Any help would be greatly appreciated.

like image 521
Marcel Rebouças Avatar asked Jun 15 '16 23:06

Marcel Rebouças


1 Answers

Dumping the AST of your app is not possible to do from only changing Xcode build settings. The main reason for this is that Xcode is making a lot of decisions about compiler flags to pass to swiftc which are not all compatible with dumping the AST and you cannot stop Xcode from doing this.

But it is possible to do outside of Xcode with Xcode's help (or in Xcode using my script mentioned below). To do this you'll need to capture the swiftc command Xcode runs for your project, and then change it a bit to dump the AST.
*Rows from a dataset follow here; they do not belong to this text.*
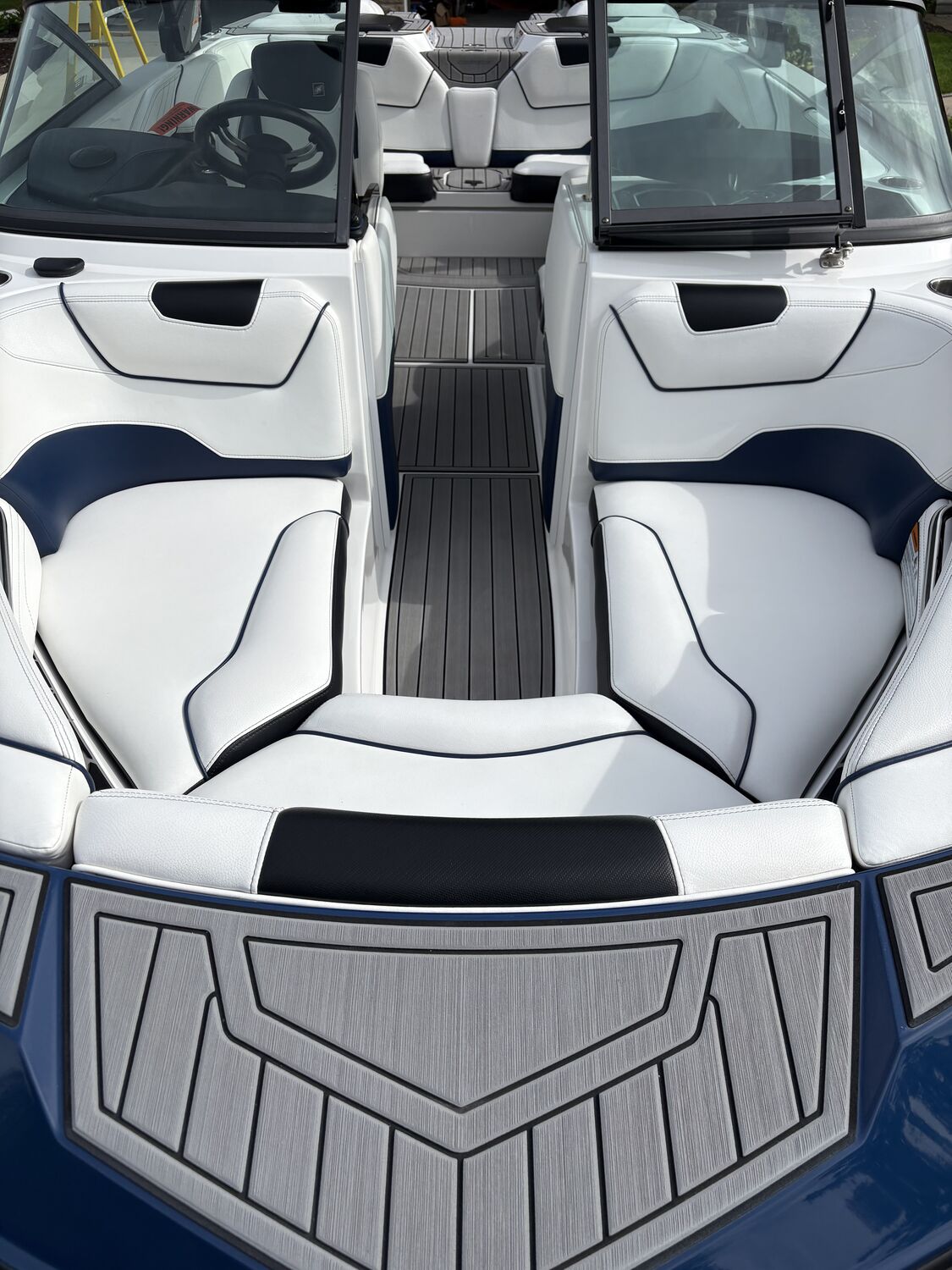 Detail Dash exterior detailing result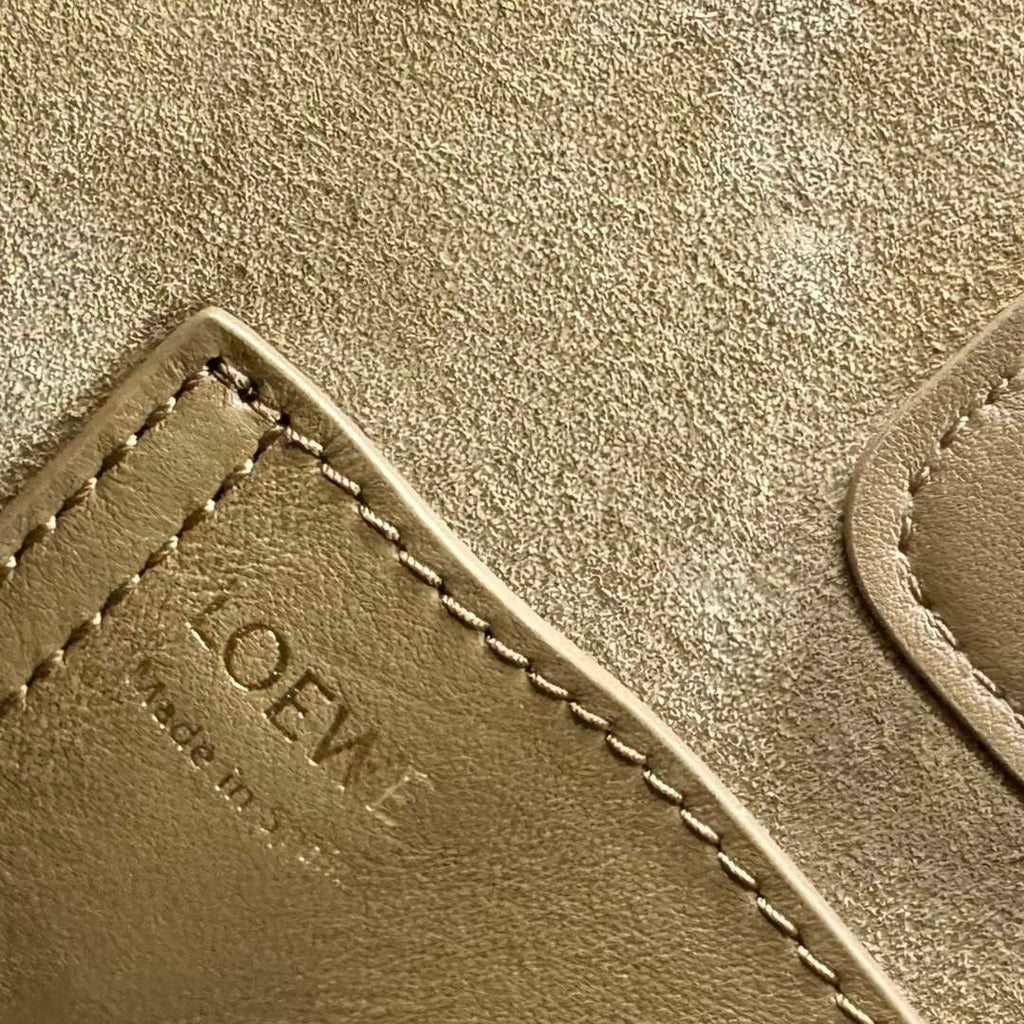 Loewe AANBBBMX02 Mini Pebble Bucket bag in soft grained calfskin Loe8006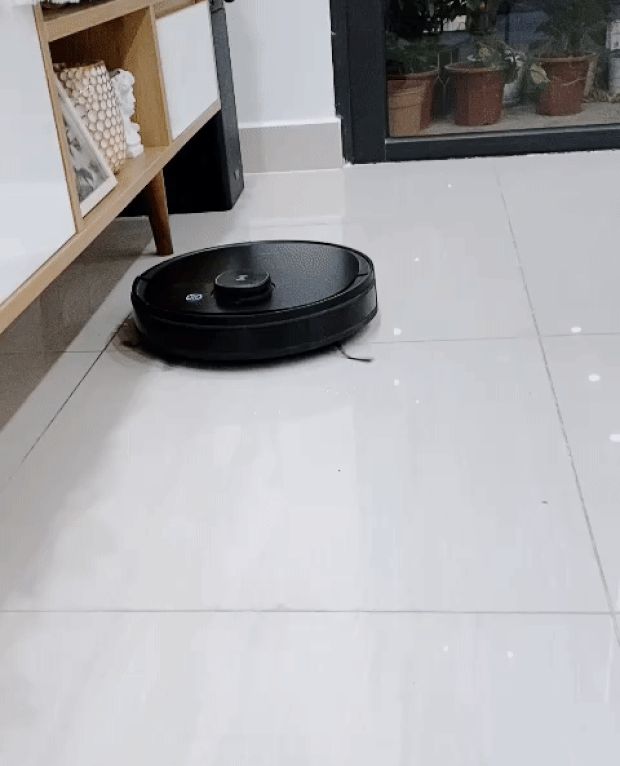 Dùng robot hút bụi lau nhà 1 năm, cô gái Hà Nội nhận ra chân ái nhưng vẫn hết hồn vì một điều ít ai ngờ tới - Hình 5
First, build your project, then go to the Report Navigator in Xcode (the last tab in the Navigator pane on the left). From here either save your entire build log with the save button across the top, or copy the swiftc command directly from Xcode. You're looking for the command called "Compile Swift Sources" for your app target (NOTE: this only contains the compile command for the one target, if you want the AST for multiple targets you'll need to perform these steps multiple times). If you can't find this step, you may need to clean your project and compile again (or look at an older build log).
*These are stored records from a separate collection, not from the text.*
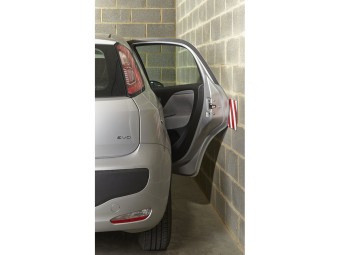 Mousse de protection murale grande longueur blanche et rouge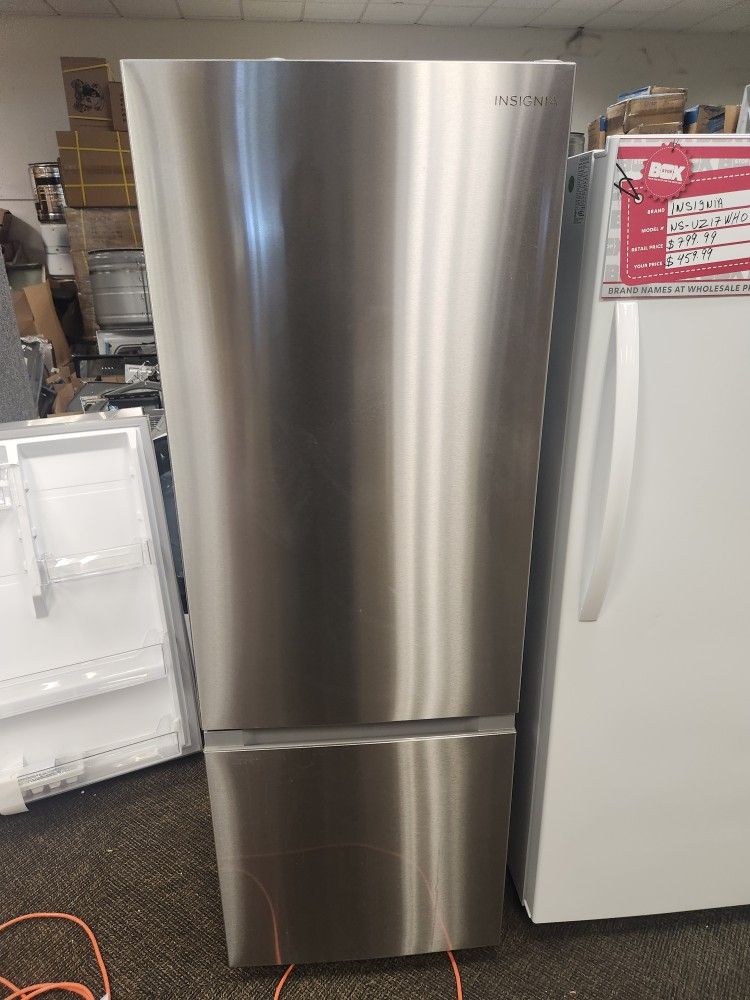 Amazing Insignia 11.5 Cu Ft Bottom Mount Refrigerator NS-RBM11SS2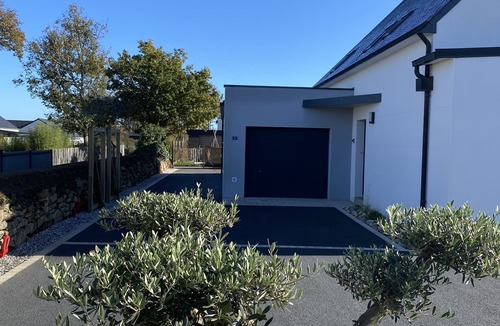 Belz House | FAMILY HOUSE CLOSE TO THE SEA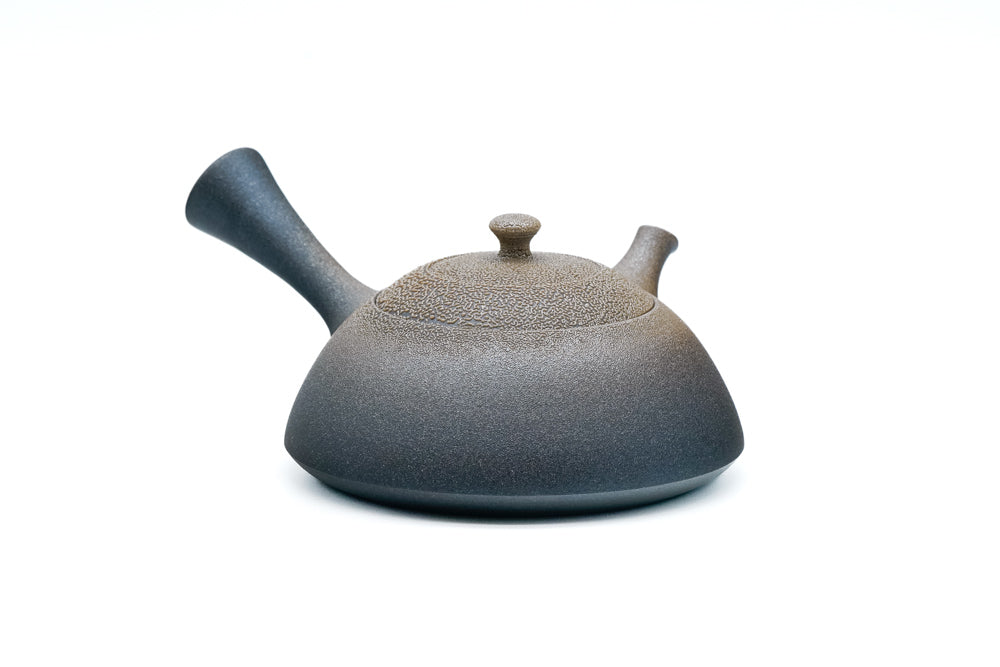 Japanese Kyusu - 藤田徳太 Fujita Tokuta - Dome Textured Tokoname Teapot - 200ml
After you've copied the entire swiftc command from Xcode, you'll need to head to the command line and change the command a bit. Here's what you'll need to do:

  1. Remove -emit-dependencies
  2. Remove -emit-module -emit-module-path FILEPATH
  3. Remove -emit-objc-header -emit-objc-header-path FILEPATH
  4. Remove -c (right before -jN and the list of files)
  5. Remove -parseable-output
  6. Add -dump-ast
  7. Append > output.ast 2>&1 to your shell command

Why these?

  • Numbers 1, 2, 3, and 4 must be removed because when dumping the AST you cannot also emit another type of file. You can see the logic around these errors in the open source Swift compiler here. Number 4 is a case of this since -c is an alias of -emit-object.
  • Number 5 makes it easier for you to redirect the AST output while also stopping swiftc from outputting other information about this command. If you plan to parse the output of this AST command from another program instead of redirecting the output in the shell you might want to leave this option in (you end up getting JSON with it).
  • Number 6 is what causes the command to output the AST. Depending on what you want to use this output for, you can also consider using -print-ast which prints a more class-dump style output vs the more verbose, classical parsable AST output of -dump-ast.
  • Number 7 is simple shell redirection so that you can redirect the (probably huge) output of your AST to a single file. Change output.ast to whatever file you want. You'll need 2>&1 because the AST is dumped to stderr instead of stdout. The order also matters here.

Also note that Xcode's build log escapes spaces but not other characters that shells may not like. For example if you have & in any of your folder / directory paths, you'll have to escape that manually.

If all of this sounds like too much work, I threw together a script to do this processing for you and you can set it up in Xcode. You can find it on GitHub.